## Given data
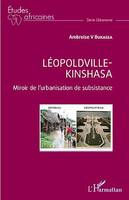 Léopoldville Kinshasa, Miroir de l'urbanisation de subsistance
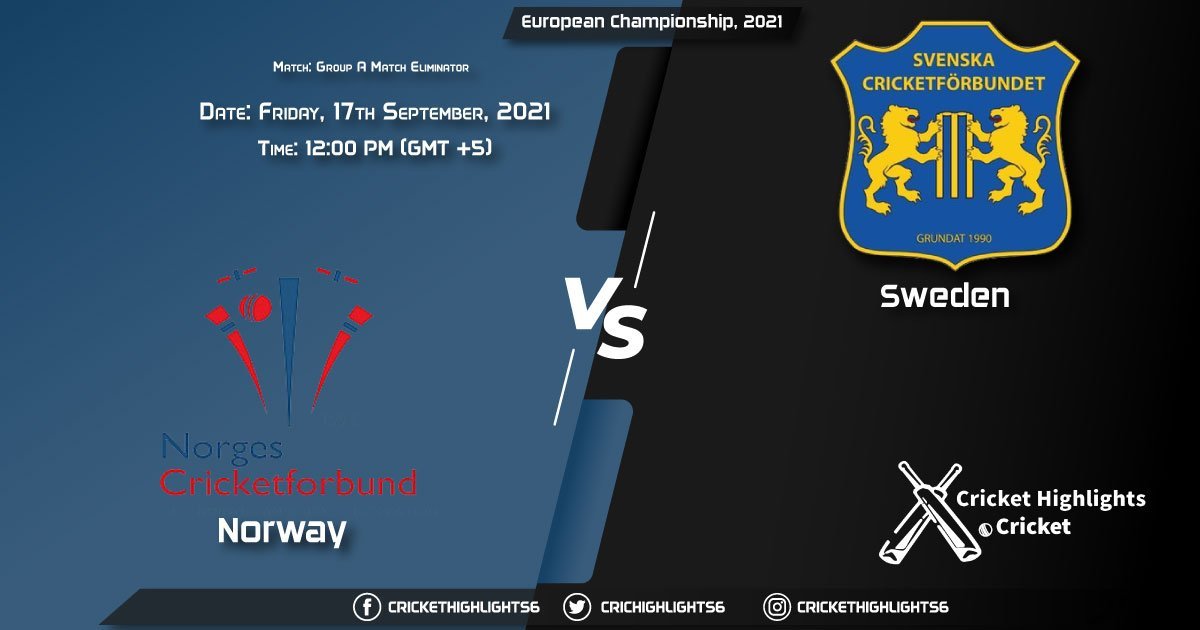 NOR vs SWE Live Score Match Eliminator - Group A , Playing 11 Live Match Today, September 17, 2021, European Championship, 2021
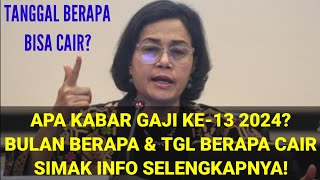 APA KABAR GAJI KE13 2024 BULAN BERAPA DAN TANGGAL CAIR SIMAK INFO BERIKUT [upl. by Arun]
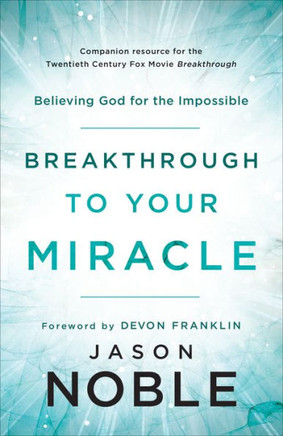 Breakthrough To Your Miracle: Believing God For The Impossible
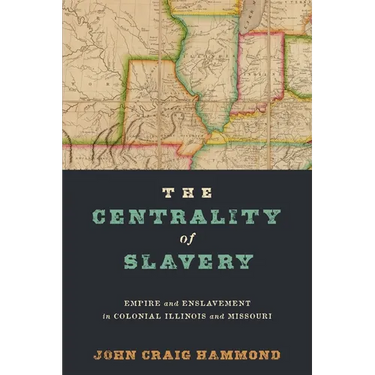 The Centrality of Slavery: Empire and Enslavement in Colonial Illinois and Missouri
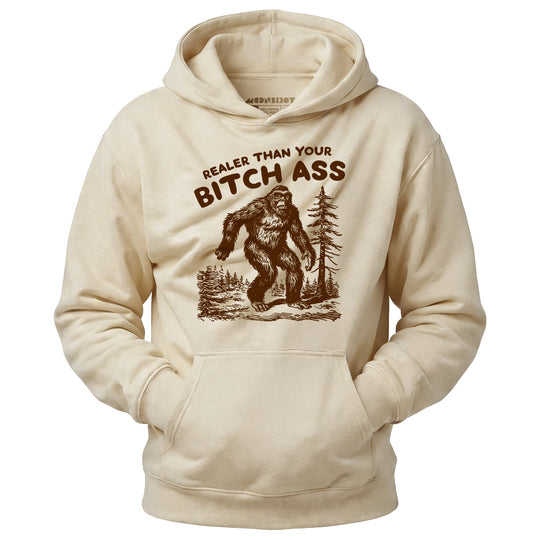 Realer Than Your Bitch Ass - Unisex Hoodie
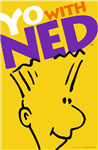 "Yo with NED" Poster
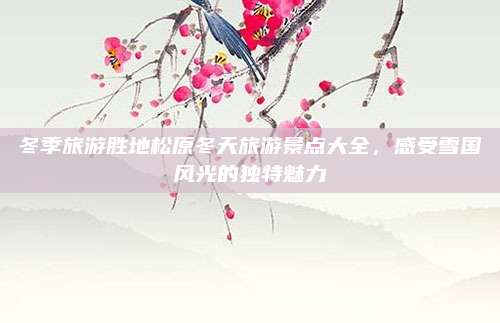 冬季旅游胜地松原冬天旅游景点大全,感受雪国风光的独特魅力
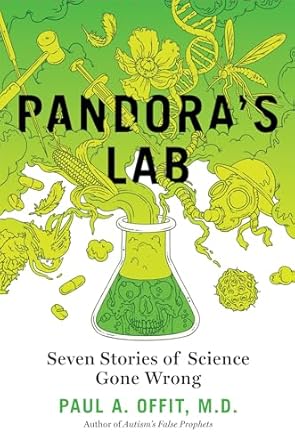 pandoras lab seven stories of science gone wrong 1st edition paul a offit md 1426217986, 978-1426217982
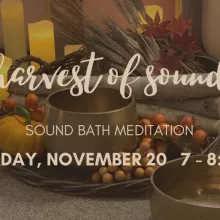 Harvest of Sound: Sound Bath Meditation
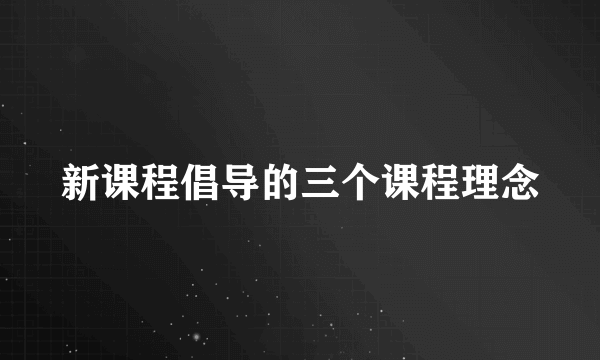 新课程倡导的三个课程理念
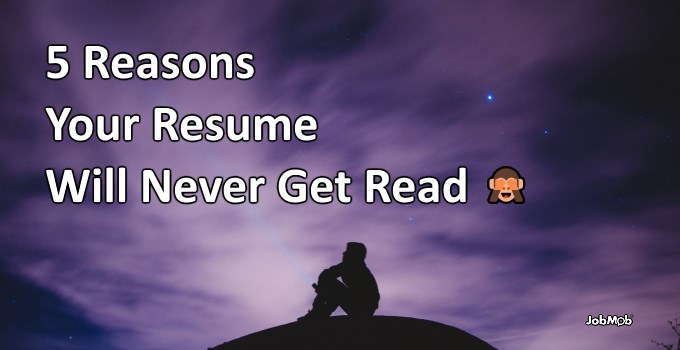 Read more about the article 🙈 5 Reasons Your Resume Will Never Get Read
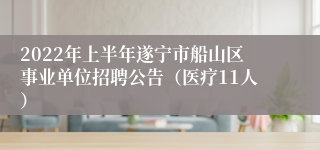 2022年上半年遂宁市船山区事业单位招聘公告（医疗11人）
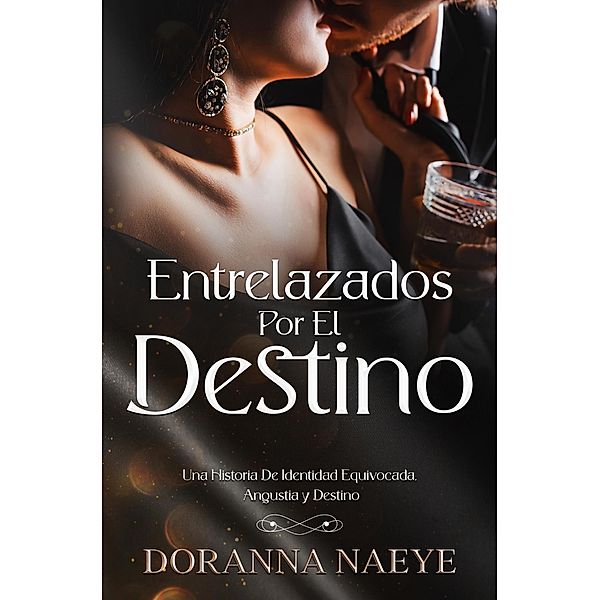 Entrelazados Por El Destino: Una Historia De Identidad Equivocada, Angustia y Destino, Doranna Naeye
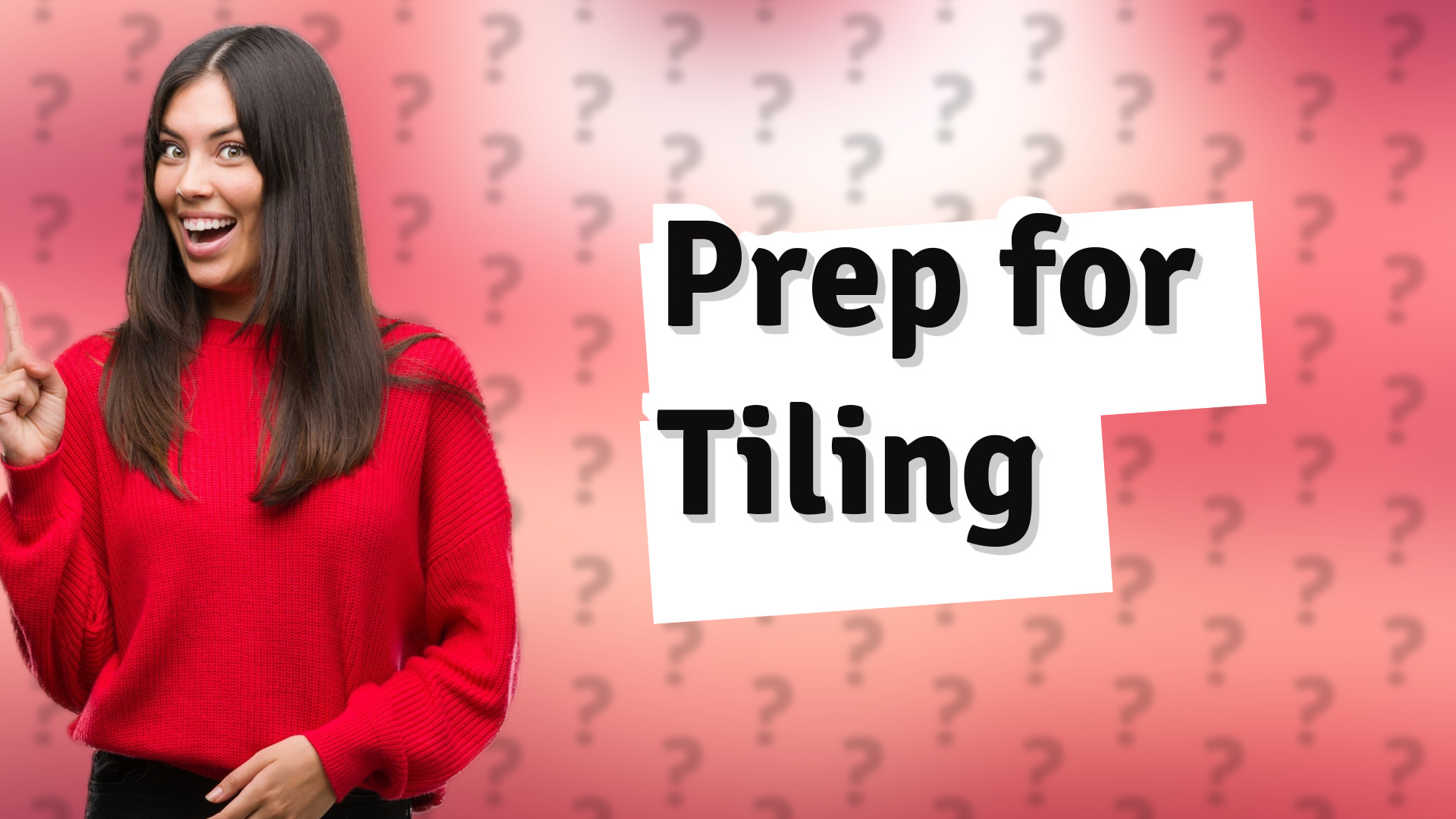 Prep for Tiling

## Task description
Verbatim output of every entry above is required, though pictures are to be left out.

## Written reply
 Léopoldville Kinshasa, Miroir de l'urbanisation de subsistance
 NOR vs SWE Live Score Match Eliminator - Group A , Playing 11 Live Match Today, September 17, 2021, European Championship, 2021
 APA KABAR GAJI KE13 2024 BULAN BERAPA DAN TANGGAL CAIR SIMAK INFO BERIKUT [upl. by Arun]
 Breakthrough To Your Miracle: Believing God For The Impossible
 The Centrality of Slavery: Empire and Enslavement in Colonial Illinois and Missouri
 Realer Than Your Bitch Ass - Unisex Hoodie
 "Yo with NED" Poster
 冬季旅游胜地松原冬天旅游景点大全,感受雪国风光的独特魅力
 pandoras lab seven stories of science gone wrong 1st edition paul a offit md 1426217986, 978-1426217982
 Harvest of Sound: Sound Bath Meditation
 新课程倡导的三个课程理念
 Read more about the article 🙈 5 Reasons Your Resume Will Never Get Read
 2022年上半年遂宁市船山区事业单位招聘公告（医疗11人）
 Entrelazados Por El Destino: Una Historia De Identidad Equivocada, Angustia y Destino, Doranna Naeye
 Prep for Tiling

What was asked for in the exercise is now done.